Lee won three consecutive overall World Junior titles from 2003 to 2005. In 2006, his first full season on the World Cup circuit, Lee finished second behind Ahn Hyun-Soo in the overall standings. At the 2006 Winter Olympics, Lee earned two individual silver medals in the 1000 and 1500 meters behind his teammate, Ahn Hyun-Soo at the 2006 Winter Olympics in Turin, Italy. Lee also won gold in the 5000 meter relay along with countrymen Ahn Hyun-Soo, Seo Ho-Jin and Song Suk-Woo. The Korean team defeated two-time defending Olympic champion Canada with a powerful pass by Ahn in the closing laps. Lee also finished second overall at the 2006 Short Track World Championships held in Minneapolis, MN.

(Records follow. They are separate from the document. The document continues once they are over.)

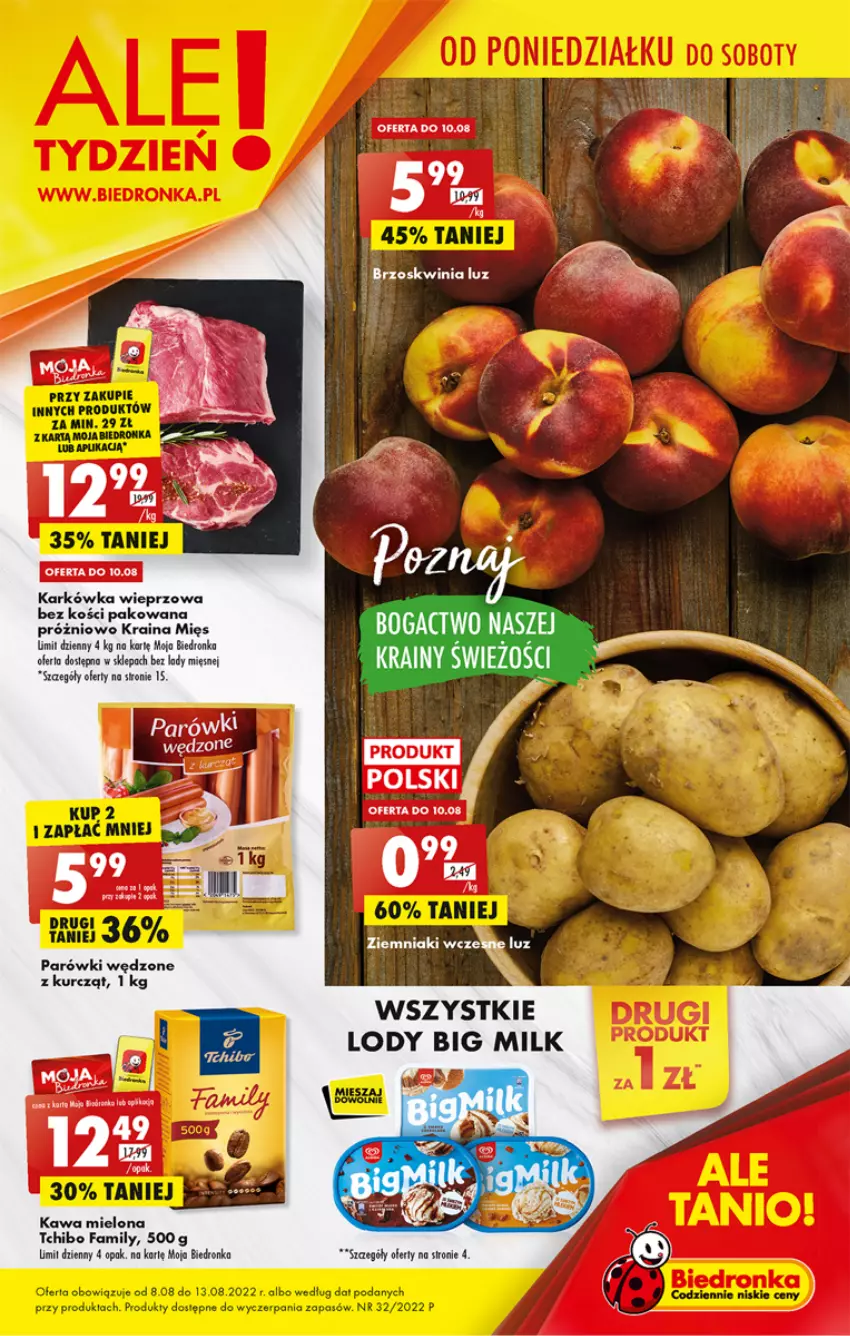 Gazetka promocyjna Biedronka - W tym tygodniu - ważna 08.08 do 13.08.2022 - strona 1 - produkty: Big Milk, Dron, Fa, Karkówka wieprzowa, Kawa, Kawa mielona, Koc, Lody, O nas, Parówki, Tchibo, Tchibo Family, Ziemniaki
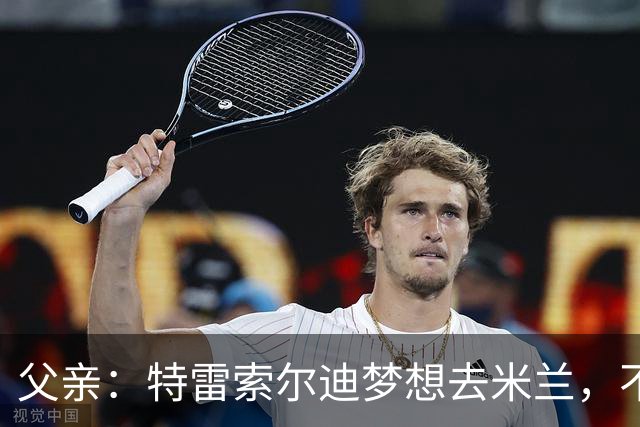父亲：特雷索尔迪梦想去米兰，不确定他会接受其他豪门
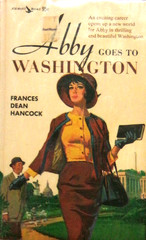Abby Goes to Washington by Frances Dean Hancock, Airmont C8, 1963, 1st, VG+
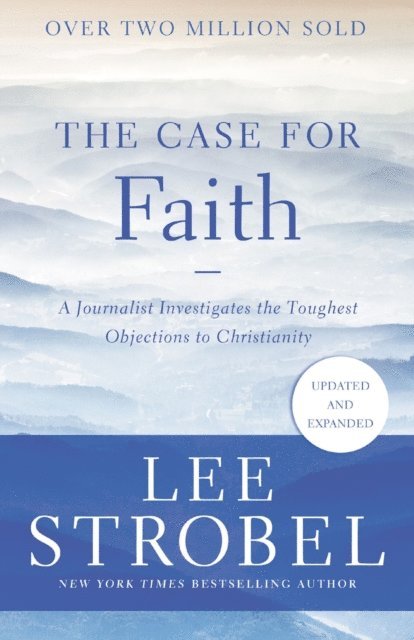 Lee Strobel - Case for Faith, E-bok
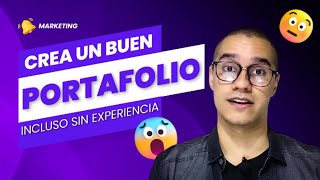 ✅ ¿Qué DEBE DE INCLUIR UN PORTAFOLIO Cómo crear un PORTAFOLIO sin experiencia [upl. by Starling785]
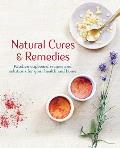 Natural Cures & Remedies Kitchen cupboard recipes & solutions for your health & home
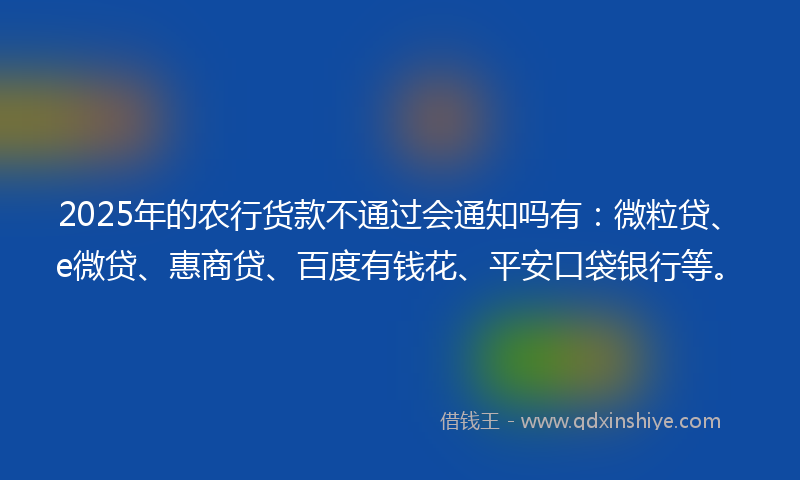 2025年的农行货款不通过会通知吗有：微粒贷、e微贷、惠商贷、百度有钱花、平安口袋银行等。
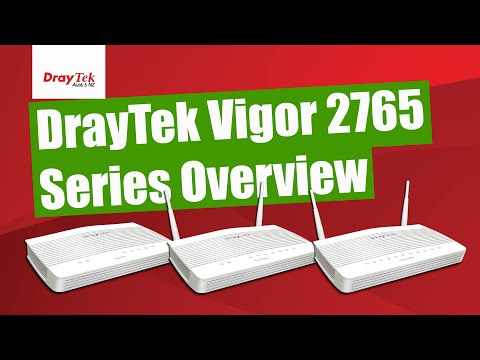 Vigor2765 series overview Vigor2765 series overview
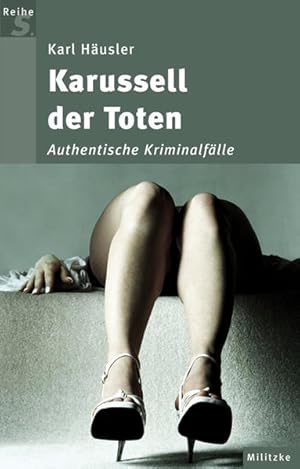 Image du vendeur pour Karussell der Toten: Authentische Kriminalflle mis en vente par Gerald Wollermann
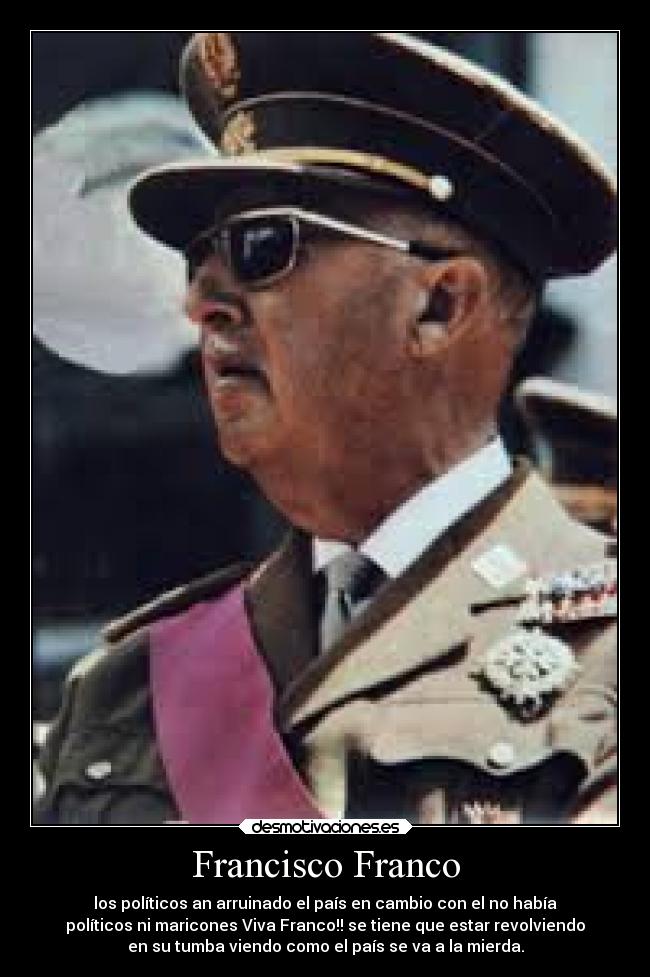 carteles politica franco desmotivaciones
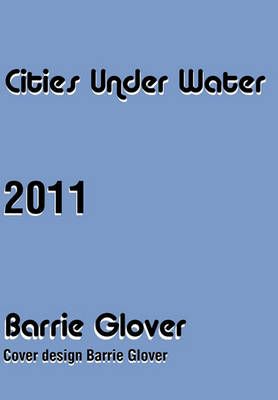 Cities Under Water By Barrie Glover 9781456865993 (Hardback)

At the 2009 World Short Track Speed Skating Championships in Vienna, Lee became the Overall World Champion and went on to win his domestic Olympic Trials a few months later, becoming the leader of the Korean Short Track Team, as well as one of the top contenders to win gold in 2010 Winter Olympics in Vancouver, British Columbia, Canada.

At the 2010 Winter Olympics, South Korea was in position to sweep the 1500m until Lee accidentally crashed into Sung Si-Bak and took them both out of contention entering the final turn, giving the silver and bronze medals to Americans Apolo Ohno and J. R. Celski, respectively. He was disqualified because he caused the crash with Sung Si-Bak. He qualified for the final round of the quarter finals of the 1000m short track race with a time of 1:25.925. Lee won his second consecutive Overall World Championships after the Olympics.